◆ What needs to be done: The data below contains pictures, which are to be skipped; the lines starting at the line with "TikTok video thumbnail by salma_hosam0" and ending at the line with "Naikan18 20200502000000 945x630" are to be output exactly, both ends included.

◆ Task data:
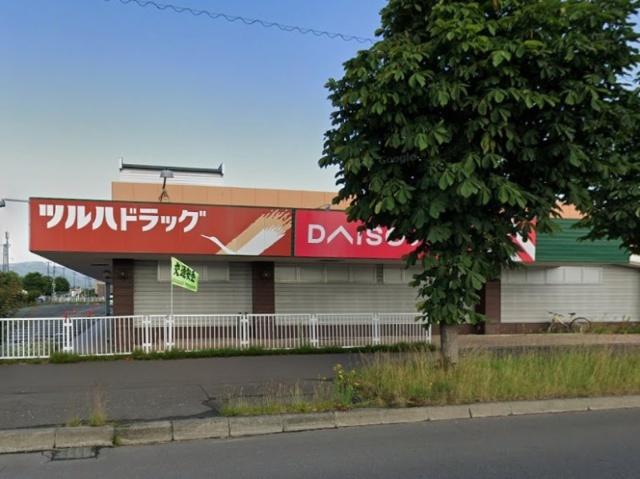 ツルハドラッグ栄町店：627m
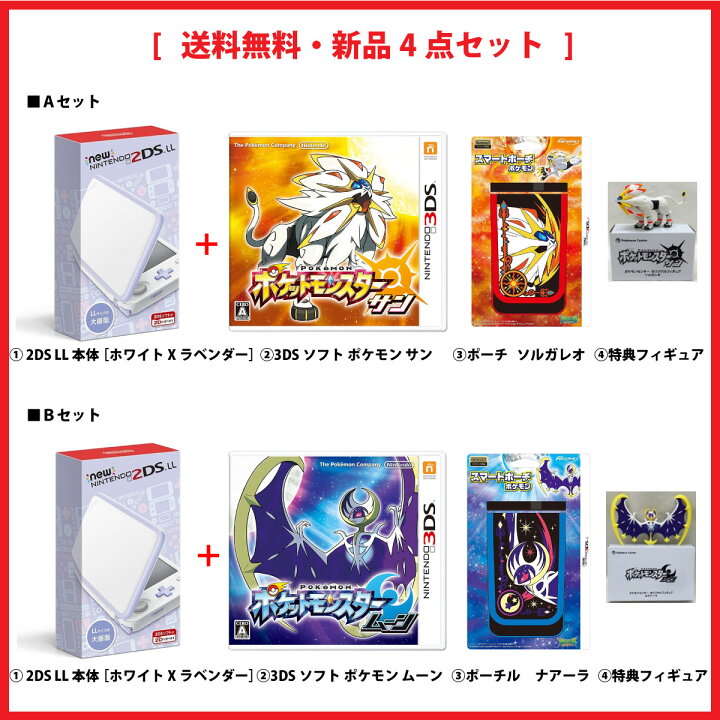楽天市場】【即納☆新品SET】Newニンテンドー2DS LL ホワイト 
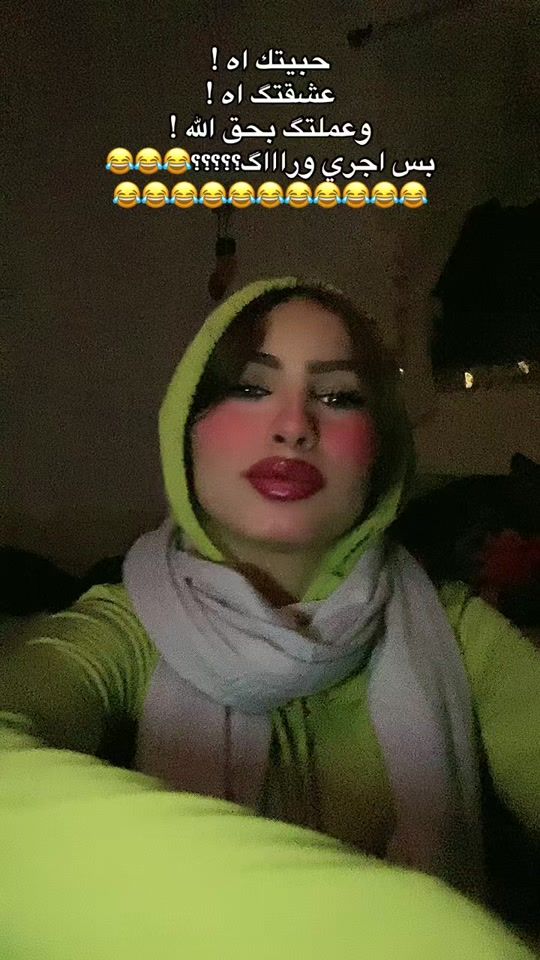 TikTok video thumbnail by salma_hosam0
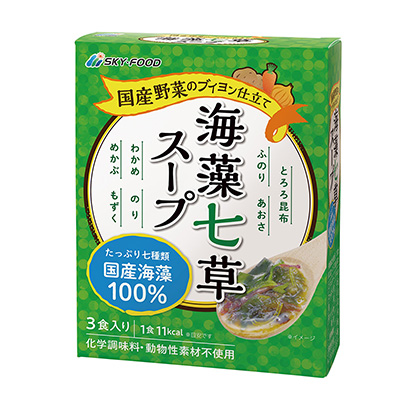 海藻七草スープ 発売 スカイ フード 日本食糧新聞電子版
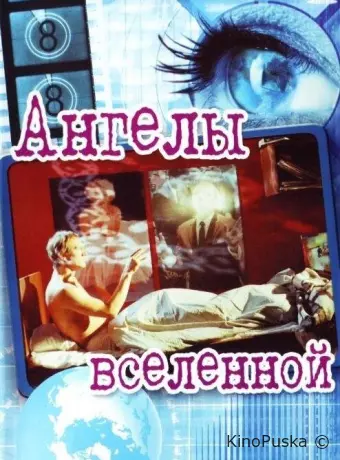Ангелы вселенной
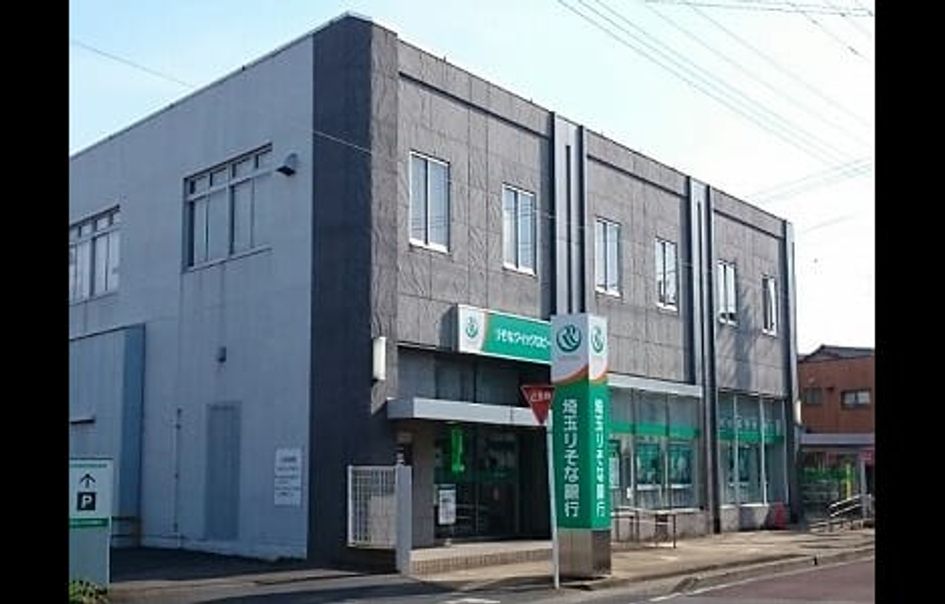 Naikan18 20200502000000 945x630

---

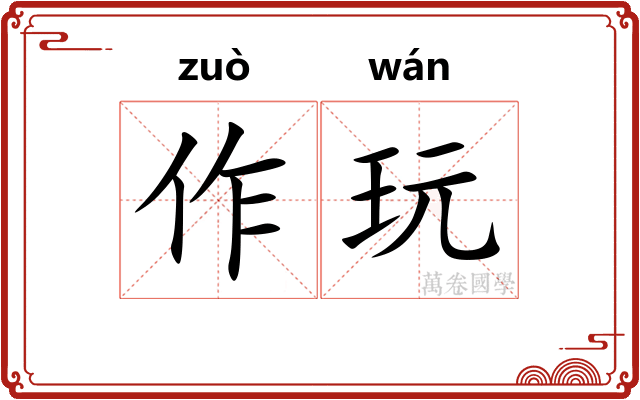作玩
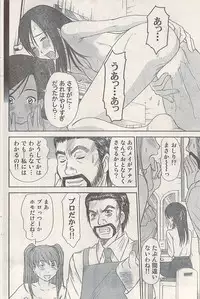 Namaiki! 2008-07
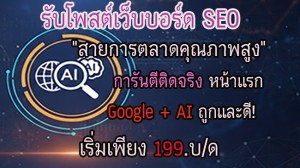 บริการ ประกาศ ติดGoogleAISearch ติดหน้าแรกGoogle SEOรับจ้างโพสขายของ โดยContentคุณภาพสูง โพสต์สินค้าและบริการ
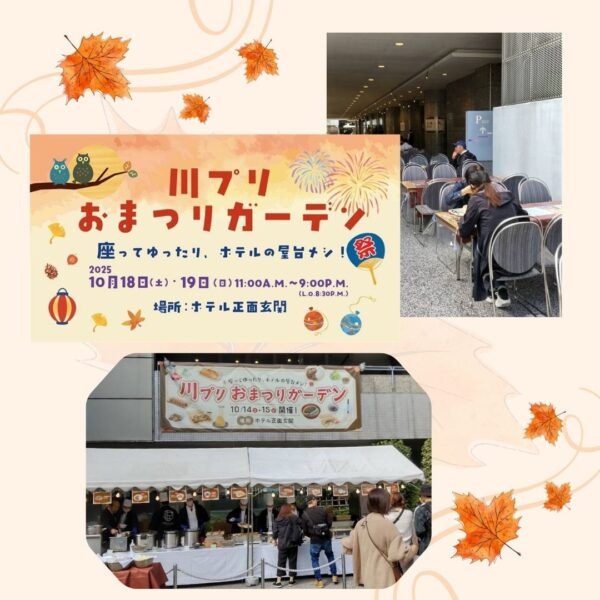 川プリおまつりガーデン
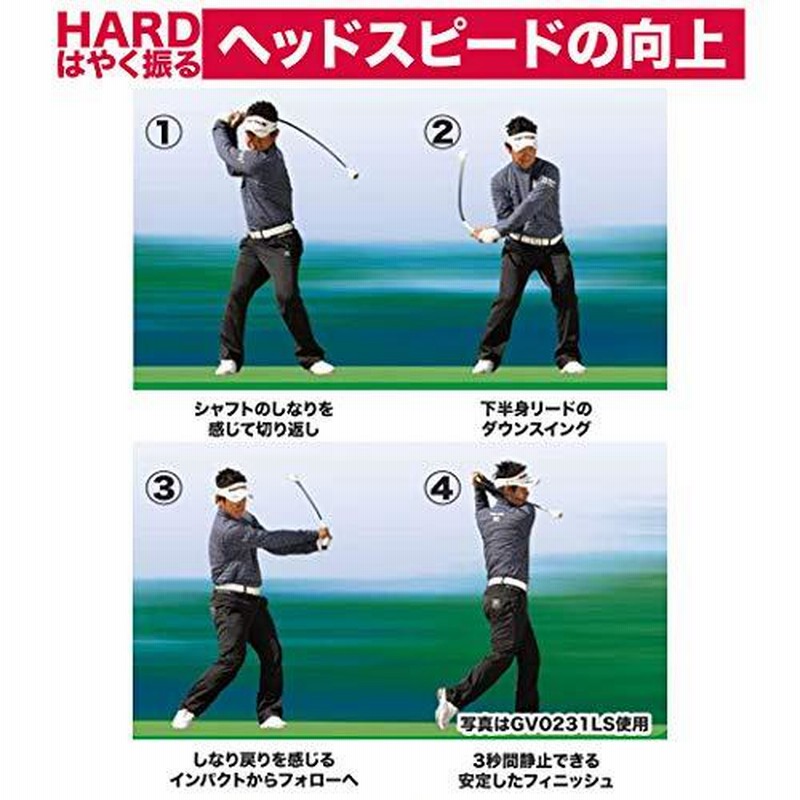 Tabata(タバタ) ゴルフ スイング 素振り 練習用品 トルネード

---

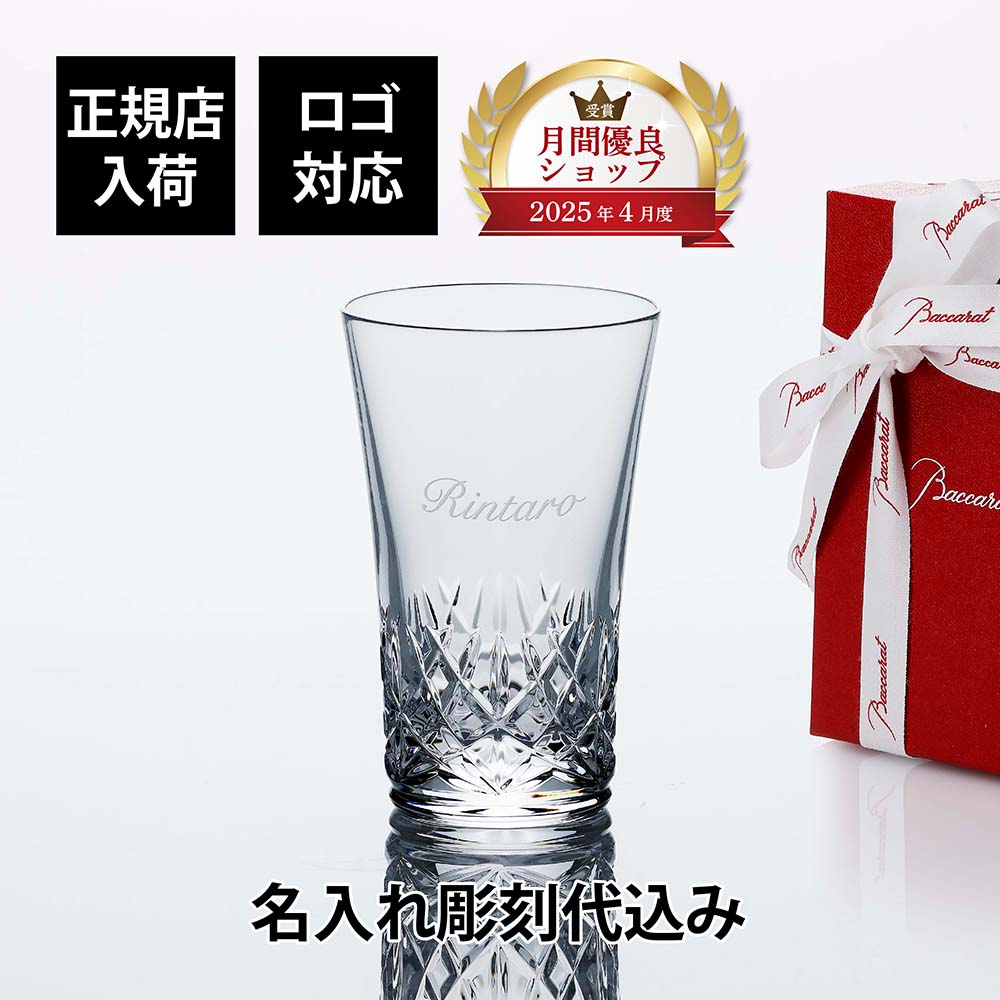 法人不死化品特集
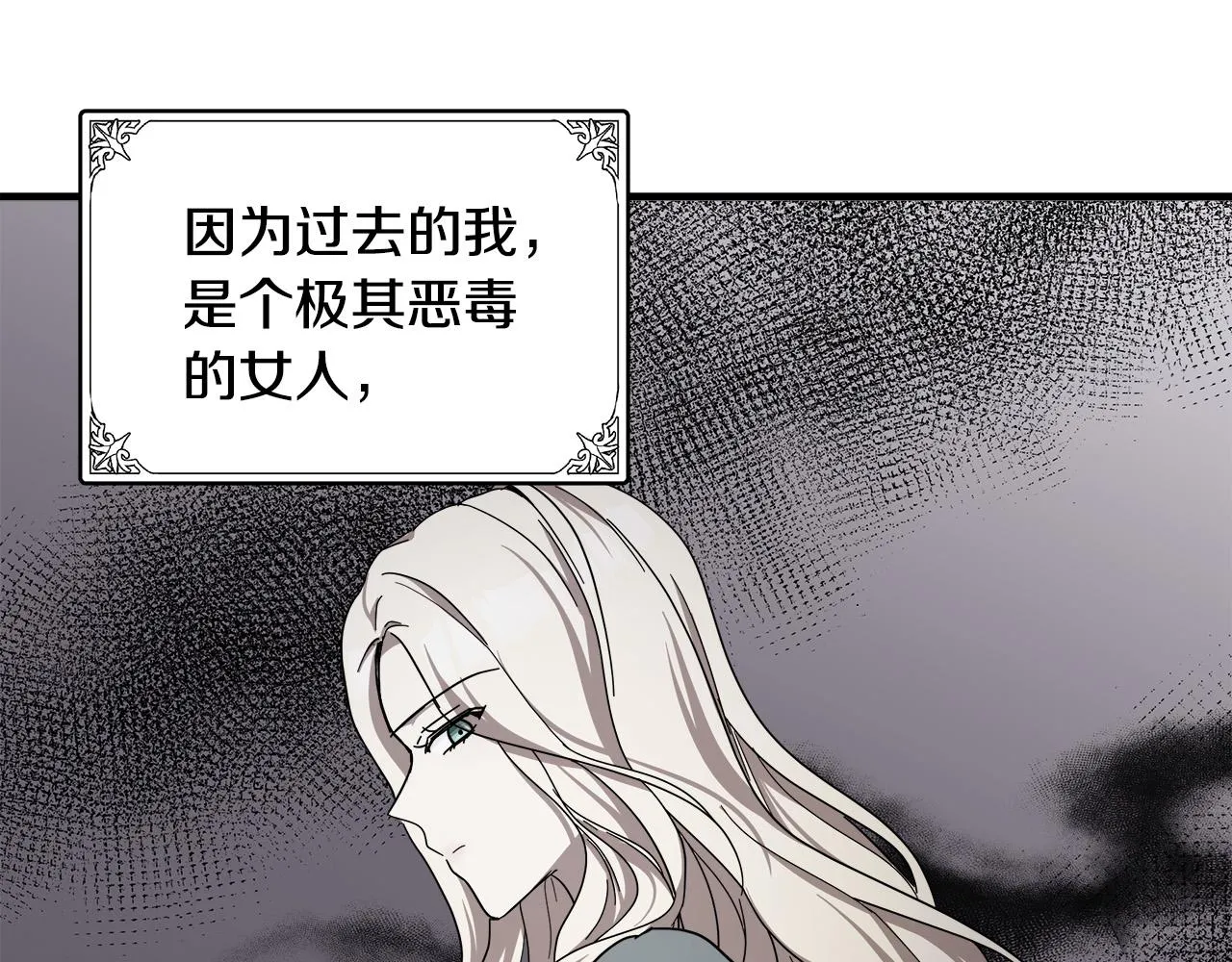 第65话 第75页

◆ Solution to this problem:
 TikTok video thumbnail by salma_hosam0
 海藻七草スープ 発売 スカイ フード 日本食糧新聞電子版
Ангелы вселенной
 Naikan18 20200502000000 945x630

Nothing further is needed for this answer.